» **Assigned task**:
Copy exactly, please, each line of the data below until the line that contains "Гродно на выходные" has been copied, beginning at the top.

» **Data for this task**:
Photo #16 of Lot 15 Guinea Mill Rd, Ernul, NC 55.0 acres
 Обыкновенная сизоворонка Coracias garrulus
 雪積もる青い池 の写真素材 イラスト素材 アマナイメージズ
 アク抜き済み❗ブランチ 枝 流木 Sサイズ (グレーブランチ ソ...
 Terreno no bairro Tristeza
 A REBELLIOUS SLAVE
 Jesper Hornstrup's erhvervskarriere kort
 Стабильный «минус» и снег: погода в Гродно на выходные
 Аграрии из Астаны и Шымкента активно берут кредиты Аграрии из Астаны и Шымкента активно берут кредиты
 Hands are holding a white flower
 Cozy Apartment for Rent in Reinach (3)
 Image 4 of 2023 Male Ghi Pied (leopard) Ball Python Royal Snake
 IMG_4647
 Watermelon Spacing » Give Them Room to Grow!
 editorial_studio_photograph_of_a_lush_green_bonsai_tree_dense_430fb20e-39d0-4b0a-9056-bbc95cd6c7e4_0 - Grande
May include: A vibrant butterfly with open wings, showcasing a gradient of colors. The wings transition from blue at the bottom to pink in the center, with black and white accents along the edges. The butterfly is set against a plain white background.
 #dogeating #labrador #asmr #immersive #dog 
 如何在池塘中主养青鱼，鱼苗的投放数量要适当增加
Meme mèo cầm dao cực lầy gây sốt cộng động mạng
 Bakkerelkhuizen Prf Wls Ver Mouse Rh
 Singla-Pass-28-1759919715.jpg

» **Written answer**:
Photo #16 of Lot 15 Guinea Mill Rd, Ernul, NC 55.0 acres
 Обыкновенная сизоворонка Coracias garrulus
 雪積もる青い池 の写真素材 イラスト素材 アマナイメージズ
 アク抜き済み❗ブランチ 枝 流木 Sサイズ (グレーブランチ ソ...
 Terreno no bairro Tristeza
 A REBELLIOUS SLAVE
 Jesper Hornstrup's erhvervskarriere kort
 Стабильный «минус» и снег: погода в Гродно на выходные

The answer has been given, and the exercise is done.